Young Brothers said its regularly scheduled barge will arrive on Lanai and Molokai on Thursday.

For more information see www.youngbrothershawaii.com for updates.

Walmart spokeswoman Tara Aston acknowledged that water, batteries and flashlights scooped up in the preparation rush may hard to find in Kahului.

But she said the store expects a delivery today and expects more items during the week.

Nelson Okumura, president and chief executive officer of Valley Isle Produce, doing business as VIP Foodservice and Island Grocery Depot, said he didn’t have any shortages, other than bottled water, bought up by customers preparing for the storm. VIP Foodservice supplies resorts, restaurants, grocery stores, schools and health care facilities.

On Monday, he said it was hard to tell what the impact would be, since he didn’t yet know what grocery items he would receive this week.
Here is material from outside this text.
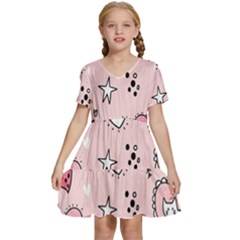 Cartoon Cute Valentines Day Doodle Heart Love Flower Seamless Pattern Vector Kids  Short Sleeve Tiered Mini Dress by Apen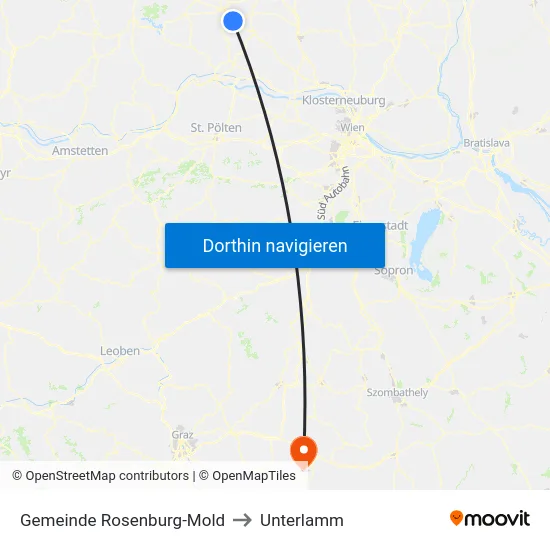 Gemeinde Rosenburg-Mold to Unterlamm map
But he said the company still had many items in stock.

“I think overall for (last week) we came out OK. We were so busy on Wednesday, we made up for the two days we were closed,” Okumura said. The businesses were closed on Thursday and Friday in anticipation of the hurricane.

The Lahaina store on Kupuohi Street was affected by a power outage, but it has a backup generator that kept its freezers going and lights on.

Alec McBarnet, an owner of Maui Oil Co., which delivers fuel to gas stations including Costco, said he didn’t foresee any problems.

“It doesn’t seem to be any issue, because there was very little disruption (at the ports),” he said.